The party line scan chains 750 and 751 may be used to configure how each object interacts with the party line communication channels. For example, the party line scan chains 750 and 751 may control the selector of each multiplexer in the object to dictate which of the input signals will be used as an output signal (refer to FIG. 4). By manipulating the selectors, the party line scan chains can effectively tell an object to, for example, pass data from east to west and/or to pass data from one of its nearest neighbor registers to a northbound party line. By using two party line scan chains 750 and 751, data may be shifted in more quickly. Accordingly, fewer or additional scan chains may be used to configure the party line communication channels.

The configuration scan chains 752 and 753 may be used to configure the primary or core functionality of objects. For example, internal registers, counters, instructions, addresses, and the like can be programmed or set in this way. Again, by using two configuration scan chains 752 and 753, data may be shifted in more quickly. Accordingly, fewer or additional scan chains may be used to configure the primary functionality of object. Finally, the latch scan chain 754 may be used to configure any memories within the objects. Additional scan chains may be used to configure object memories.

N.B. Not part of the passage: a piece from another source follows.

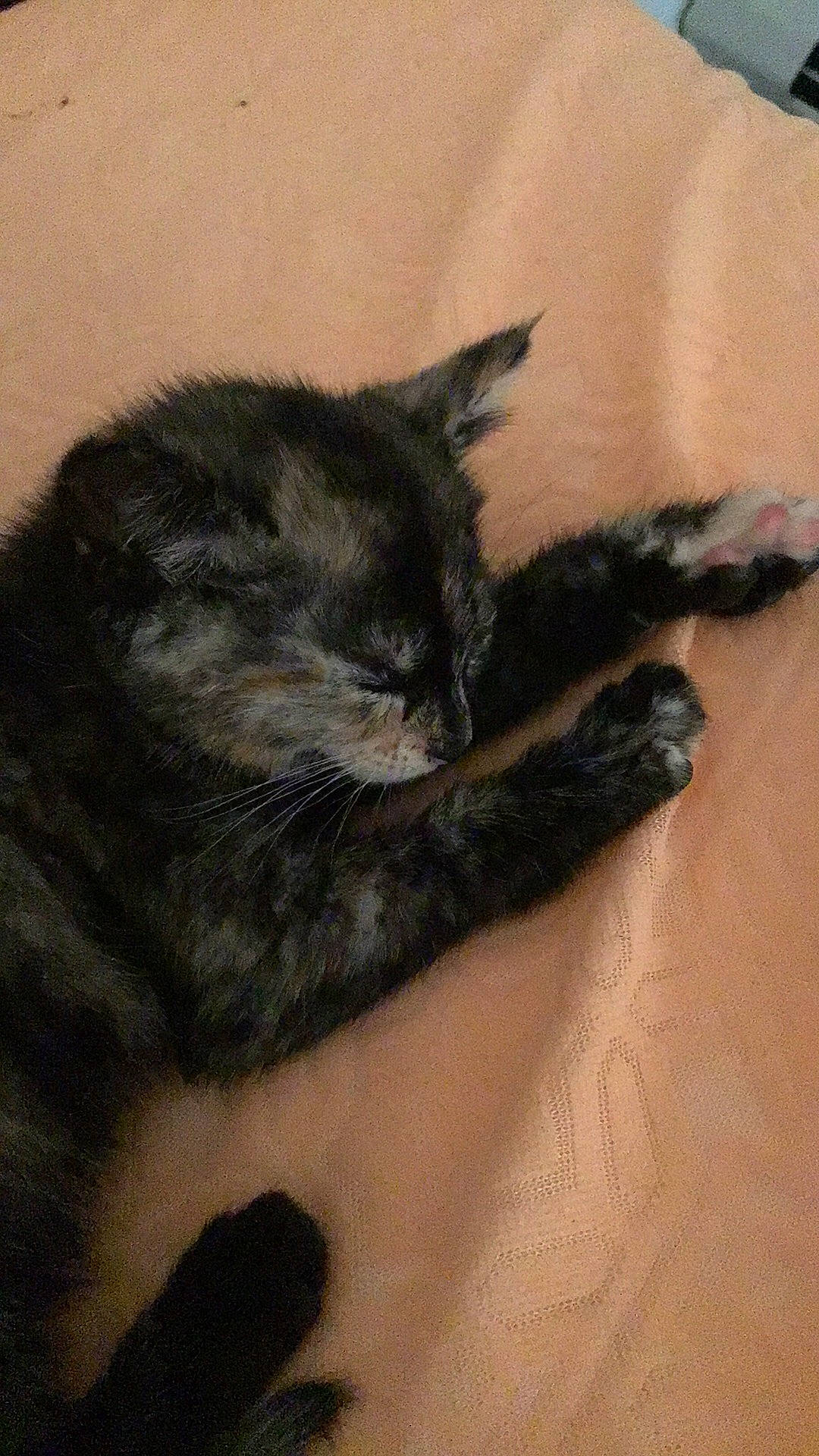 Crispy joined the competition — help win amazing prizes! black_cat, carnivore, cat, claw, domestic_long_haired_cat, domestic_short_haired_cat, felidae, fur, kitten, mammal, small_to_medium_sized_cats, tail, whiskers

Of course, a FPOA may utilize additional or fewer scan chains to program objects in the core region. Further, one or more scan chains may be used to program logic in the non-core region, such as the I/O interfaces, memory interfaces, and memory. By way of example, a scan chain circling the periphery of the FPOA may be used to program the I/O interface.

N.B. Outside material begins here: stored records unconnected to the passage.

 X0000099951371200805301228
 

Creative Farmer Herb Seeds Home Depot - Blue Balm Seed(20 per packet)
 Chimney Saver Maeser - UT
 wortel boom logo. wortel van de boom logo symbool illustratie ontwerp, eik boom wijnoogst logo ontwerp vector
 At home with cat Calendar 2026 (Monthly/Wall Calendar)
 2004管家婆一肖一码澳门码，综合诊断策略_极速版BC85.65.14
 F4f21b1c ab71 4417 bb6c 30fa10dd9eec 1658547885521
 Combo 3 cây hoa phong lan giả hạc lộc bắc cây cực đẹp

The description of FIGS. 1 through 7 has provided an overview of a few examples of FPOA architectures and associated concepts. Other examples are possible. Other examples and additional details regarding FPOAs may be found in the following commonly owned United States patent applications, which are incorporated by reference herein in their entireties: application Ser. No. 11/042,547, filed Jan. 25, 2005, entitled “Integrated Circuit Layout Having Rectilinear Structure of Objects” (published as no. 2006/0080632 on Apr. 13, 2006); and application Ser. No. 11/567,146, filed Dec. 5, 2006, entitled “Field Programmable Semiconductor Object Array Integrated Circuit” (published as no. 2007/0247189 on Oct. 25, 2007). Moreover, additional discussion of FPOA concepts may be found in the “Arrix Family FPOA Architecture Guide” dated May 18, 2007 and the “Arrix Family Data Sheet & Design Guide” dated May 22, 2007, both of which are published by MathStar, Inc., Hillsboro, Oreg. In light of the teachings herein, those skilled in the art will be aware of equivalent architectures, implementations, variations, etc. for FPOAs.

Built-In Self-Testing

Built-in self-testing an FPOA may be accomplished in various ways, as described in this subsection.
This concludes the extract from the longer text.